Plus encore, ils demandent plus d'intervenants, psychologues et travailleurs sociaux, pour accompagner les personnes vulnérables – sur le terrain, pas dans les bureaux – dès lors qu'il y a doute qu'elles représentent un danger pour elles-mêmes ou pour la sécurité de la collectivité; un accompagnement qui doit se prolonger jusqu'au processus de guérison; aussi, plus de support, toujours sur le terrain, pour les proches qui doivent composer avec ces situations tellement délicates; dépistage de la violence conjugale chez les propriétaires d'armes à feu. Et quoi encore.

Bref, il y en a bien aussi pour 20 et quelques millions. Juste là. Mais à la différence que les propositions des chasseurs et tireurs sportifs, loin de se résumer à un statique bout de papier, commandent l'implication de gens pour venir en aide à d'autres gens. Plus de ressources. Plus de travail sur le terrain. Moins de bureaucratie, plus de contacts humains. Qui peut être contre?

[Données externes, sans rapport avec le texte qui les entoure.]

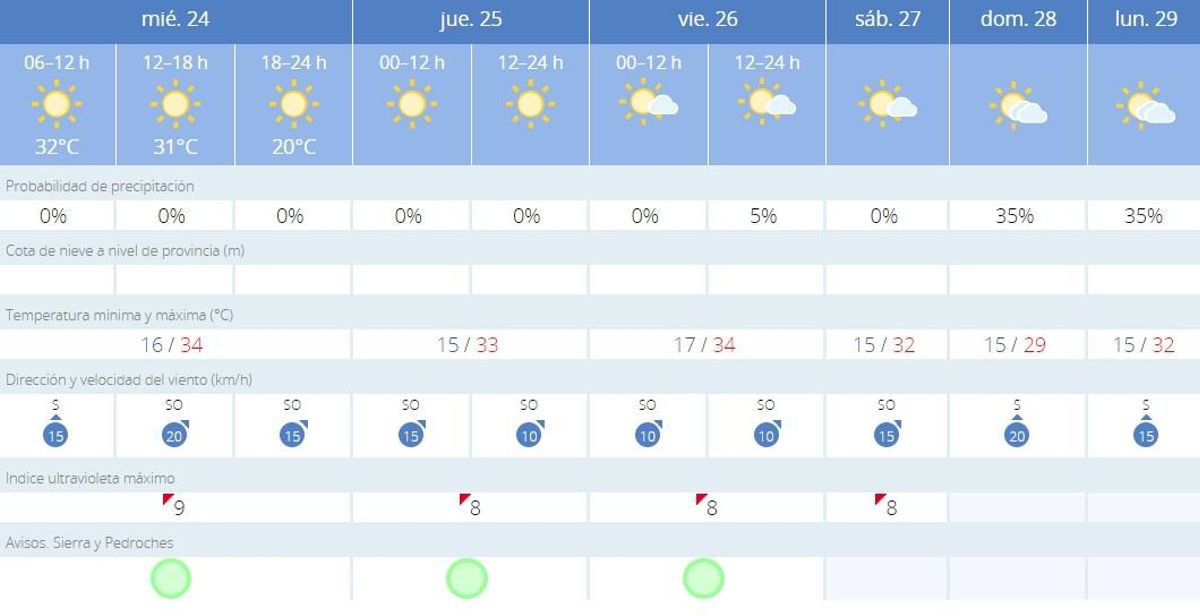 El tiempo en Villaviciosa.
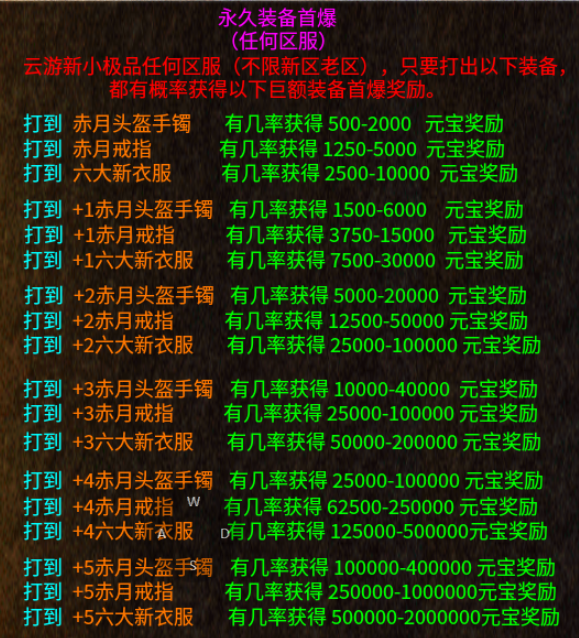 【云游新小极品】萌新入门指南 云游新小极品 图片 9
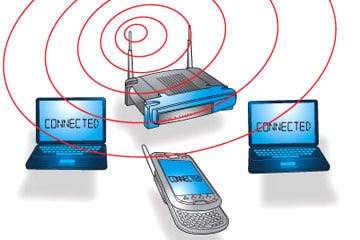 Imagen de Wireless - Inalámbrico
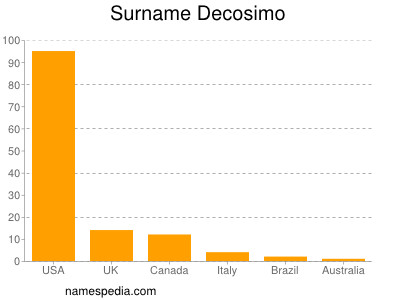 Familiennamen Decosimo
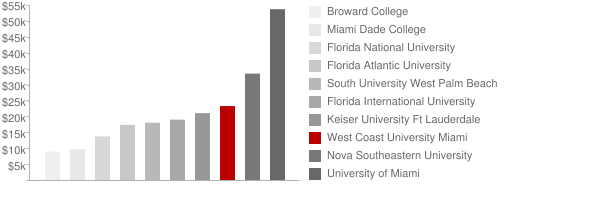West Coast University Miami Tuition Comparison Chart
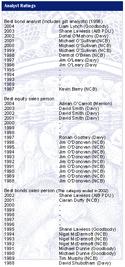 Click for large image...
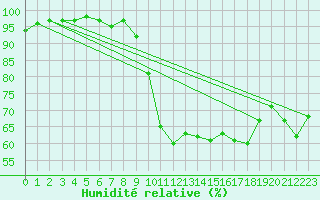 Courbe de l'humidit relative pour Vendays-Montalivet (33)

Imaginons un instant qu'avec des outils adéquats, nous ayons réussi à démasquer Gill, à désamorcer Bissonnette ou à dépister des personnes vulnérables avant même de leur accorder un PPA?

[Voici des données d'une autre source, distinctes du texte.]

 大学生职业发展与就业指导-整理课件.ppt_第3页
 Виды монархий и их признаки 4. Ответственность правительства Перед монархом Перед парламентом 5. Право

Mais pourquoi donc Mme Rathjen est-elle sourde à des propositions qui feraient certainement consensus si on se donnait la peine de les étudier? Pourquoi les dénigrer?

Je me risque à formuler l'hypothèse suivante : tout simplement, c'est que « sa » cause ne serait plus exclusivement la sienne. Elle deviendrait tout naturellement celle de M. Benabdallah, celle des chasseurs et tireurs sportifs, celle des familles des victimes qui, en passant, ne comptent pas QUE celles de la Polytechnique. Celle des Premières Nations. À la rigueur, celle de toute notre société. Un bébé consensuel, bien vivant et appelé à grandir.

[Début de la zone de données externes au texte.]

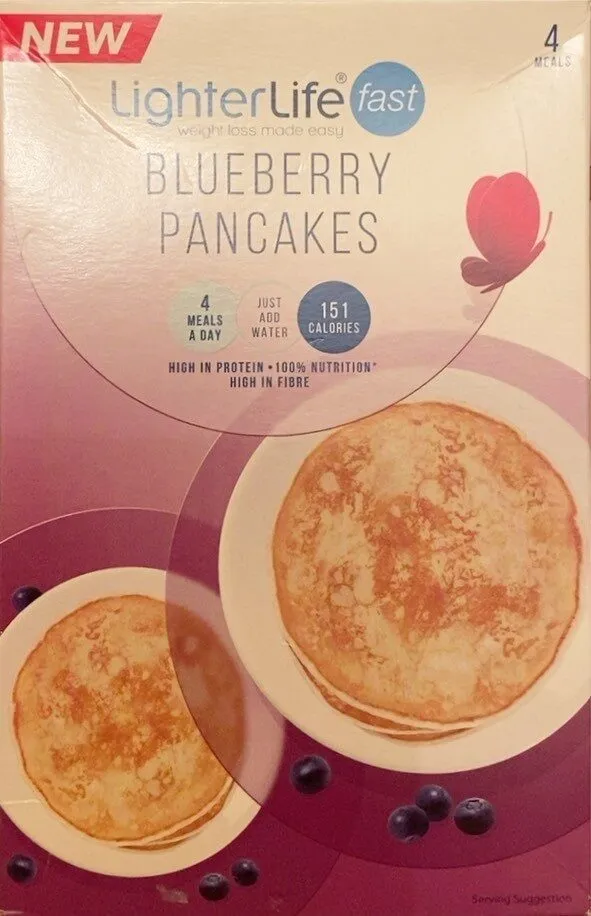 Blueberry pancakes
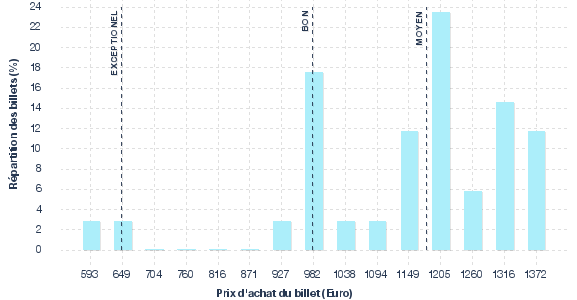 répartition des prix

Hélas! Heidi, entêtée, tient le bébé bien serré contre elle, pourtant un bébé moribond et sans avenir. Et elle fait le vide autour d'elle pour éviter que l'on se rende compte que sa croisade n'a aucun sens, considérant les objectifs qu'elle prétend poursuivre. Admettons-le.

Or, en dénigrant ainsi des propositions viables et rassembleuses, Mme Rathjen méprise du coup les réels besoins de notre société en termes de sécurité relative à l'utilisation des armes à feu. En étouffant de ses comparaisons boiteuses des idées qui, pourtant, ont tout intérêt à émerger, elle méprise aussi les besoins des personnes en détresse qui sont encore laissées à elles-mêmes plutôt que d'être prises sous notre aile. Enfin, elle méprise la réalité quotidienne des Premières Nations qui sont, encore plus que nous, accablées par le fléau épouvantable du suicide chez les jeunes.

À sa décharge, il faut préciser qu'elle n'est pas la seule à le faire, puisqu'en instituant le registre des armes à feu, le ministère de la Sécurité publique ainsi que le Contrôleur des armes à feu s'essuient tout autant les pieds sur le dos des chasseurs et tireurs sportifs, plutôt que d'admettre leur responsabilité. À cet égard, la croisade de 30 ans de Mme Rathjen pour la mise sur pied d'un registre les aura bien servis en camouflant pendant tout ce temps leur suffisance et leur paresse à se remettre en question. Mais plus triste encore, en faisant obstruction aux solutions viables, ce triumvirat pourrait, sans même le réaliser, avoir fait obstruction au sauvetage de tellement de vies pendant toutes ces années.

C'est là sans doute le prix de l'immobilisme et la preuve que le ridicule tue.